L’AMANT DE LADY CHATTERLEY
[Lady Chatterley's Lover] Roman anglais de David Herbert Lawrence (1885-1930), écrit à Florence entre 1926 et 1928 et publié, dans cette ville, en 1928. Dans cette œuvre. Lawrence réaffirme sa conception de l'amour physique comme moyen de guérir de tout « intellectualisme » maladif et de retrouver le contact avec les forces instinctives et naturelles de la vie.

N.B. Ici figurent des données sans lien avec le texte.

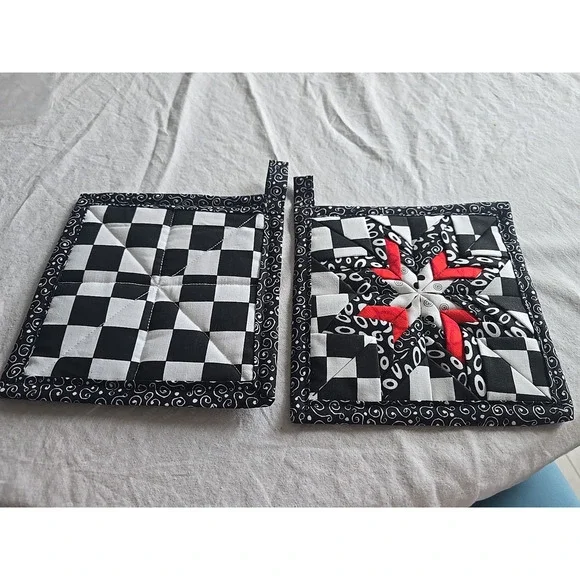 Set of‎ 2 Hand Crafted Black White Check Patchwork Cooking Kitchen Pot Holders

Le mari de Lady Chatterley. Clifford, est un Anglais de vieille famille qui, se trouvant paralysé de la partie inférieure du corps, à la suite d'une blessure de guerre, consacre à la littérature tous ses soins et toutes ses activités, poussé par un vain désir de renommée. Il aime les conversations intellectuelles en compagnie d'un groupe d'amis qui, comme lui, apprécient surtout les choses de l'esprit. Mais sa femme Constance qui est toujours la spectatrice muette de ces entretiens, sent vaguement en elle un vide que toutes les phrases ne réussissent pas à combler : ces hommes sont sans passion, ils consument leur vitalité en mots et ne savent pas atteindre aux sources de la vie : l'argent et toutes les fausses divinités de la pensée, y compris la renommée, la « déesse chienne » les tiennent esclaves. Elle désirerait au moins un enfant, qui remplisse son cœur d'une affection.

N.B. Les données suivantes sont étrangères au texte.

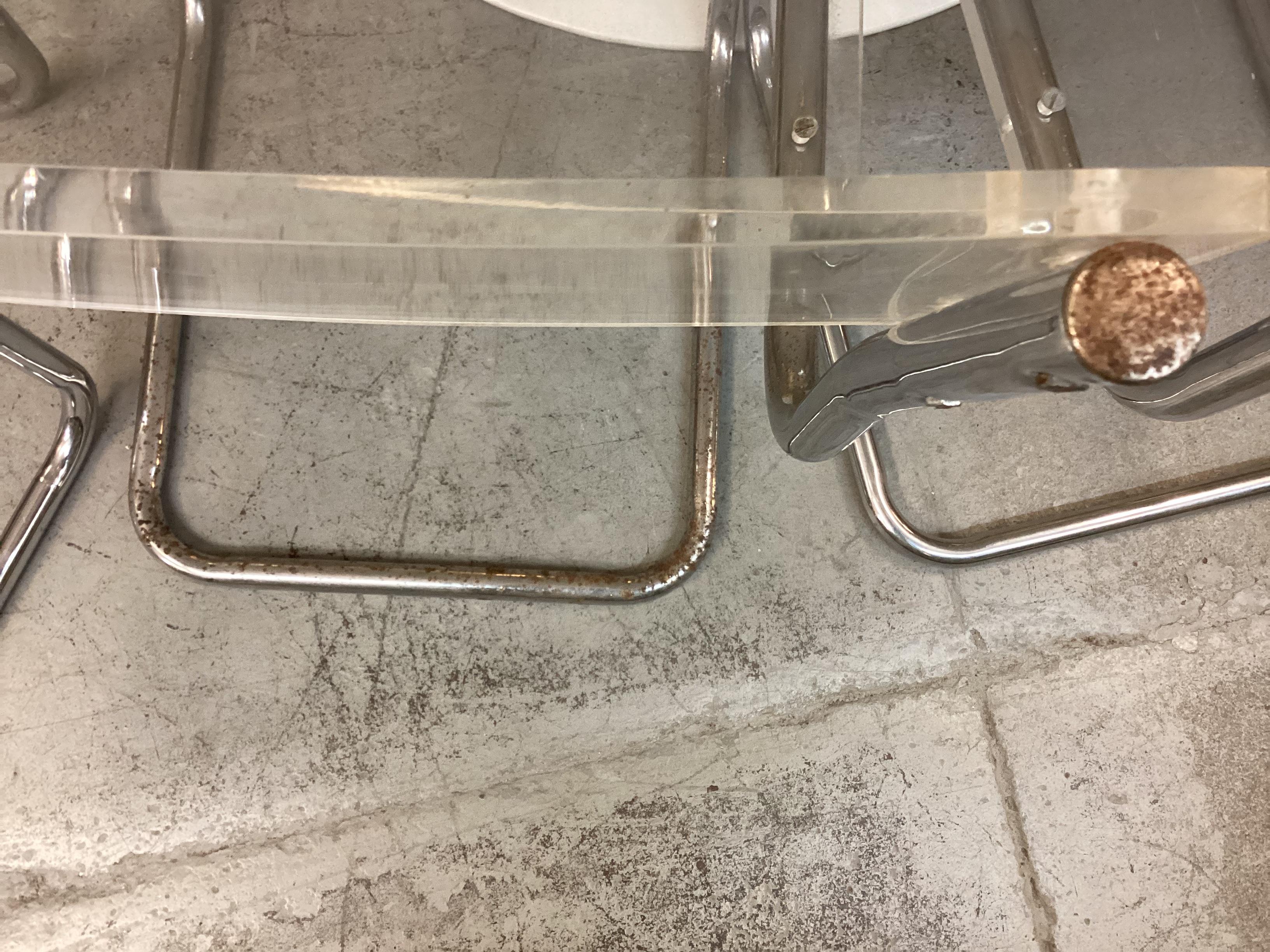 Set di sei pezzi di metà secolo  Sedie laterali in lucite e cromo in vendita 9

C'est dans un tel état d'âme qu'elle fait la rencontre du garde-chasse de son mari, Olivier Mellors, homme sensible et pensif, pour qui la vie s'est montrée si amère qu'elle l'a conduit à chercher un refuge dans la solitude de cette fonction obscure, au milieu des bois. Entre elle et cet homme, une fois franchie la barrière d'une pudique réserve, qui, chez lui, prend souvent l'aspect de la rudesse et du cynisme verbal, éclate une passion bouleversante, ardemment sensuelle. Mellors, pour la première fois, découvre en Constance la femme, et Constance, pour la première fois découvre le mystère de la vraie vie. Rien ne pourra plus les séparer, ni le retour de la femme de Mellors (une personne vulgaire et cruelle de qui il vivait séparé), ni l'égoïsme hystérique de Clifford, qui tout d'abord ne voudrait pas accorder le divorce. Constance et Mellors vivront ensemble, puisant, dans la vivifiante profondeur de leur amour, la force de résister à tous les obstacles : et un fils naîtra, fruit de leur union parfaite.
A ce livre, qui, du fait de son audace, devait connaître un succès de scandale, on peut faire un grave reproche : le garde-chasse, qui devrait représenter l'être rude et simple, capable par son élémentaire force virile, de guérir et d'aider à s'accomplir la personnalité de cette Lady raffinée, est en réalité un homme qui a étudié et voyagé et qui, à un certain moment, a appartenu à une classe sociale assez proche de celle de sa maîtresse. Il est doué d'une sensibilité exquise, qu'il cherche à cacher, mais qui se révèle en maintes occasions, et d'abord par cette délicatesse dont il fait preuve envers les animaux. Cette insuffisance ne retire pourtant rien d'essentiel à la riche substance du livre qui se relie au naturisme mystique, lequel débute avec Rousseau et est une des nombreuses manifestations de la croisade moderne contre l'intellectualisme. Ce roman n'est pas un des meilleurs de Lawrence : il est prolixe et maladroit, mais, certaines parties sont appelées à survivre, celles par exemple où se révèle l'exquise sensibilité de l'auteur en face de la nature. Lawrence a défendu son livre dans deux vigoureuses apologies : Pornographie et Obscénité [Pornographe and Obscenity, 1929] et A propos de l'Amant de Lady Chatterley [A propos of Lady Chatterley's Lover, 1930].